Crazy Ants

October 4, 2011 by staff 

Crazy AntsCrazy Ants, Sounds like a horror movie: biting ants invaded by millions. A camper metal protruding from the walls of the ants nest pressure behind them. A circle of poison that stops a day, then a horde of new shows, so you drink. Standing in the courtyard, and secondly ants cover their shoes.
It is an extreme example of what can happen when the ants – which also can disable large industrial plants – without control. Their control can cost thousands of dollars. But the real story is told by someone who has been studying ants for a decade.

“Months later, I close my eyes and see them move,” said Joe MacGown, who curates the collection of ants, mosquitoes and beetles in the State of Mississippi Entomological Museum Mississippi State University.

He has been back to see the hairy crazy ants. They are still around. The occupant is not.

The flea-sized creatures are called crazy because everyone is quick random collector at a speed that the average picnic ants marching one by one, only goes in fast forward video. They are called fuzzy because of the fluff, at first glance, make the abdomen appear less bright than their slower, larger cousins.

And they are moving in Florida, Texas, Mississippi and Louisiana. In Texas, that have invaded houses and industrial complexes, urban and rural areas. They travel in cargo containers, hay bales, potted plants, motorcycles and trucks moving. Overwhelm hives – a beekeeper in Texas was losing 100 a year in 2009. Cut to industrial equipment.

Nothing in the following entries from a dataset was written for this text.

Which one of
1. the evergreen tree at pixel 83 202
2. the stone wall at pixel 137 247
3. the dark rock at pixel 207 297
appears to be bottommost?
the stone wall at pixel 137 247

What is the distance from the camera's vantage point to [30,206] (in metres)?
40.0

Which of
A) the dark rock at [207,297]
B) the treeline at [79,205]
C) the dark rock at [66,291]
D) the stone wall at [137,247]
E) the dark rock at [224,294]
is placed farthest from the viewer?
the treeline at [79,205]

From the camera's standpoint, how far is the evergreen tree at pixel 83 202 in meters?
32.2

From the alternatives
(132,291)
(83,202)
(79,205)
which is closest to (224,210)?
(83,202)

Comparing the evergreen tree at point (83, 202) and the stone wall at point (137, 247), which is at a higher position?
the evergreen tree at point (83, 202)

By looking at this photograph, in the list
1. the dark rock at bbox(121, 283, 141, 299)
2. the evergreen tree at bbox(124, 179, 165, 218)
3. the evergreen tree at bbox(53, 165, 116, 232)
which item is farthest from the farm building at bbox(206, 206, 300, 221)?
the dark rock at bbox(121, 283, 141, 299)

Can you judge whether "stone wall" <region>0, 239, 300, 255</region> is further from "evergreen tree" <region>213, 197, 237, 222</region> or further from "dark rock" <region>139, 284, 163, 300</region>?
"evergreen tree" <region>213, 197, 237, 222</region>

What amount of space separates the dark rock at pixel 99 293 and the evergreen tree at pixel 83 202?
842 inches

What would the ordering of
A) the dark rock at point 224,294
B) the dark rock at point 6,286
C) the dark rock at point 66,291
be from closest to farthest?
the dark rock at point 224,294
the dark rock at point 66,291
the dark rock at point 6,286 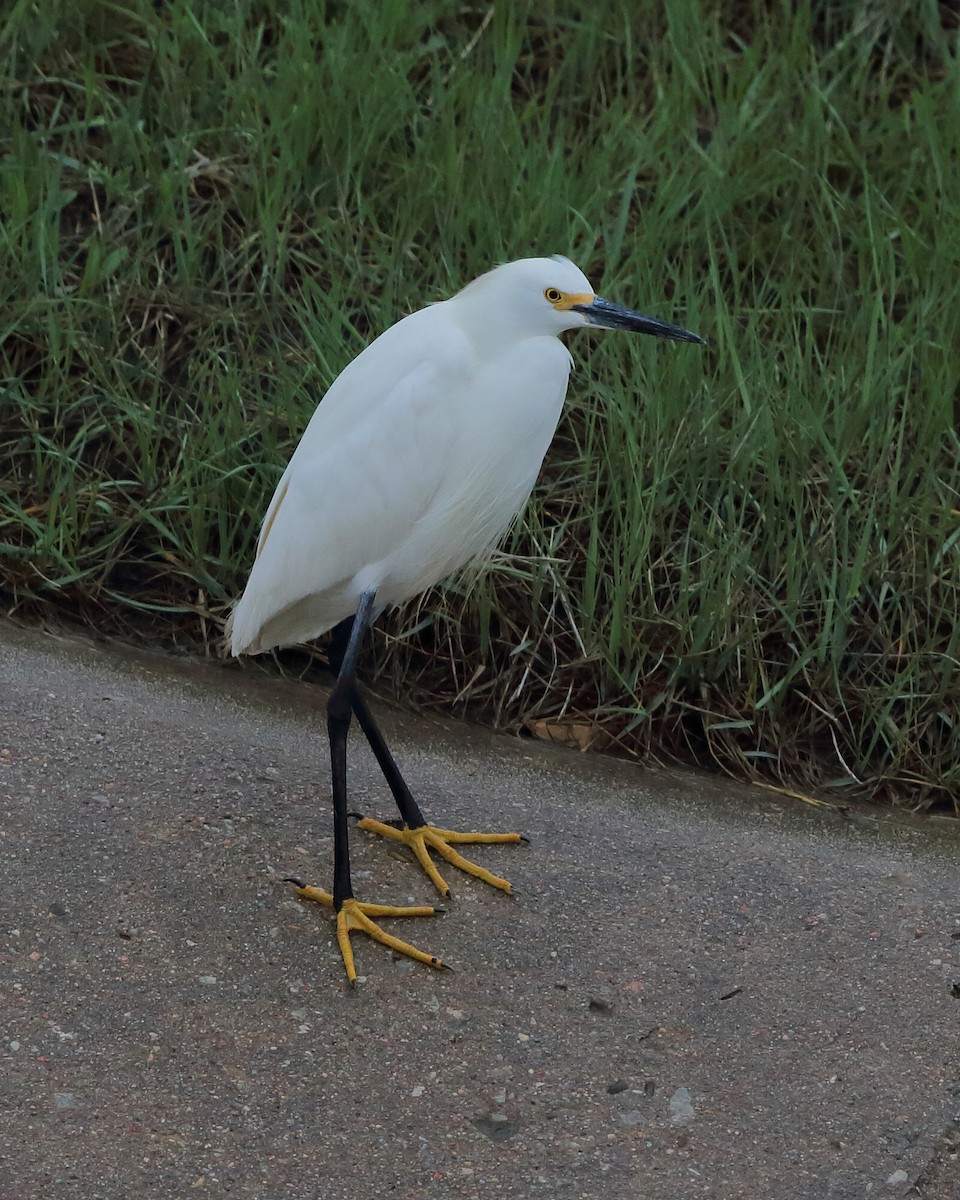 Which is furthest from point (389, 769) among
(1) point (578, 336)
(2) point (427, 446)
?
(1) point (578, 336)

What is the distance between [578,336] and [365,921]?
1.83 metres

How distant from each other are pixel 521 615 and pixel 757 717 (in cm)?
56

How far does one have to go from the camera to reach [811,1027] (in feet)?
7.60

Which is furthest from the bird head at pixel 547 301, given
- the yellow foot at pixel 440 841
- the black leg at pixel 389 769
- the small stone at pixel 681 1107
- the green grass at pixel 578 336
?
the small stone at pixel 681 1107

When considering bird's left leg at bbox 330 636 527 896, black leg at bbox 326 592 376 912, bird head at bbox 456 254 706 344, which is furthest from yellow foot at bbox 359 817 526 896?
bird head at bbox 456 254 706 344

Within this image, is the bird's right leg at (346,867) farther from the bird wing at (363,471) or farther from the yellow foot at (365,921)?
the bird wing at (363,471)

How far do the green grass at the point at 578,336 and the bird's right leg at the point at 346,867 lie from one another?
0.71 meters

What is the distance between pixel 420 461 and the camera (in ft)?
8.31

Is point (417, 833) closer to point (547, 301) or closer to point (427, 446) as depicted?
point (427, 446)

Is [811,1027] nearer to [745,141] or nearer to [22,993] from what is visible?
[22,993]

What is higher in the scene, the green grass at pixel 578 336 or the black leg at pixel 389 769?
the green grass at pixel 578 336

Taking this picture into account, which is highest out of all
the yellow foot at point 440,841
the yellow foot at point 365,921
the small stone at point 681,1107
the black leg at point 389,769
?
the black leg at point 389,769

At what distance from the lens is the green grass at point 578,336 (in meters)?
3.17

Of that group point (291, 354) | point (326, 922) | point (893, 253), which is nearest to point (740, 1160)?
point (326, 922) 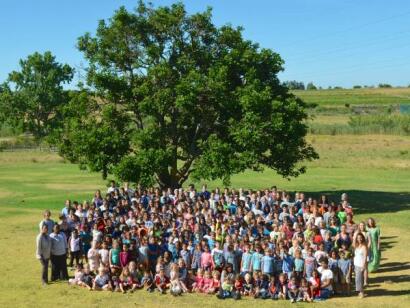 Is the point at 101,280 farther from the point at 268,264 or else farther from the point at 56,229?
Answer: the point at 268,264

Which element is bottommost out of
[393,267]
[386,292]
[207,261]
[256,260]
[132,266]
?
[386,292]

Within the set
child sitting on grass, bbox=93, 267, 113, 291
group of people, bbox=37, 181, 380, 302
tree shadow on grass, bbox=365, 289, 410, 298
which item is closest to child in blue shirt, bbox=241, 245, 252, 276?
group of people, bbox=37, 181, 380, 302

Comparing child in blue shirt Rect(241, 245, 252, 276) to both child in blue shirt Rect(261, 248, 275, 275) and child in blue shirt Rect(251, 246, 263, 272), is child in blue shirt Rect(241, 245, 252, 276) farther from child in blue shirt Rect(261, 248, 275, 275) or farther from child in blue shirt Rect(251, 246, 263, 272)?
child in blue shirt Rect(261, 248, 275, 275)

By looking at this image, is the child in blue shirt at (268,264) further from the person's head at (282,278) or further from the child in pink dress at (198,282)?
the child in pink dress at (198,282)

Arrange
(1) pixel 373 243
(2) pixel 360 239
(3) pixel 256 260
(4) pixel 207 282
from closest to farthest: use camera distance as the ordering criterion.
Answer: (2) pixel 360 239
(3) pixel 256 260
(4) pixel 207 282
(1) pixel 373 243

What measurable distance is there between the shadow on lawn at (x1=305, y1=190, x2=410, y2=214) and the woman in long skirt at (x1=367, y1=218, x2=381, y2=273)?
40.3 ft

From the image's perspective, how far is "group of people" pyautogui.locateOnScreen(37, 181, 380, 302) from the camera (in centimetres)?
1425

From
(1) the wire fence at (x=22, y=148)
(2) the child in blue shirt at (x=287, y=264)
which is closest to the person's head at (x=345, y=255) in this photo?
(2) the child in blue shirt at (x=287, y=264)

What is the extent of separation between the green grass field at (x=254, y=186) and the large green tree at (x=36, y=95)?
13035 millimetres

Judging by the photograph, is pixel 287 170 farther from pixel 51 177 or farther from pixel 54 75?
pixel 54 75

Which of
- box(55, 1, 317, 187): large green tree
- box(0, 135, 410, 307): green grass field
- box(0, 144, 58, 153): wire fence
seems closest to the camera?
box(0, 135, 410, 307): green grass field

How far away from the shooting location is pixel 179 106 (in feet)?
85.5

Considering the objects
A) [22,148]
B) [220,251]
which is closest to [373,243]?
[220,251]

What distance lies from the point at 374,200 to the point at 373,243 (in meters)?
17.0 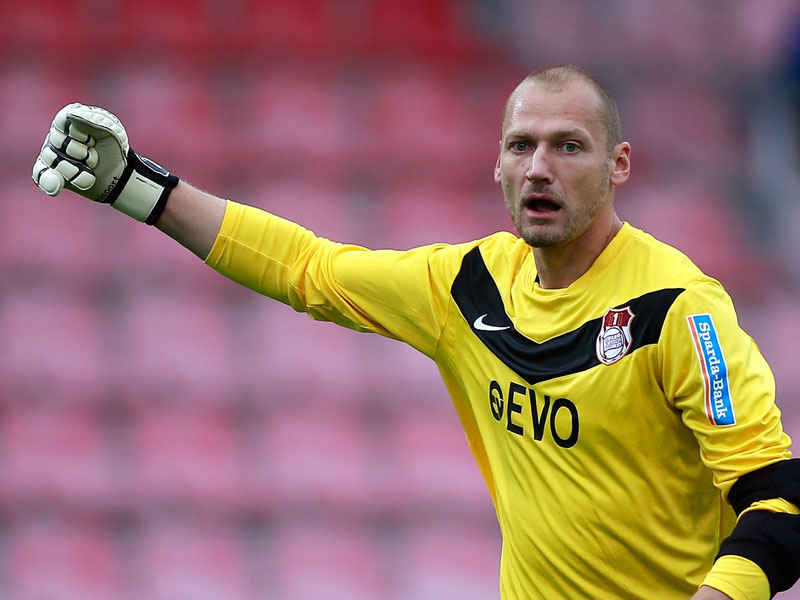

If one is electrocuted, his death releases a chemical signal to attack a threat to the colony, said Roger Gold, a professor of entomology at Texas A M. &

“The other ants rush in. In short, having a ball of ants,” he said.

A computer control system of pipeline valves short twice in about 35 days, but now there are monthly treatments to keep the bugs at bay, said Tom Rasberry exterminator, who found the first specimens of Texas of the species in the Houston area in 2002.

“We’re kind of going by too much in that particular site because there is much at stake,” he said. “If it closes, which could literally shut down a complete chemical plant that costs millions of dollars.”

And compared with other ants, they need a surplus. For example, Gold said that if 100,000 die from pesticide, millions more will follow.

“I did a test site with a product from the beginning and the product is applied to a half acre … In 30 days we had two inches of dead ants that cover the entire half acre,” said Rasberry. “It looked like the top of the dead ants was the total movement of all the ants live on the top of the dead ants.”

But the history of Mississippi is an exception, Rasberry said. The control is expensive, ranging from 275 to thousands of dollars a year for the 1,000 homes that are discussed in the last month. However, he has never seen anyone force the ants away from home, he said.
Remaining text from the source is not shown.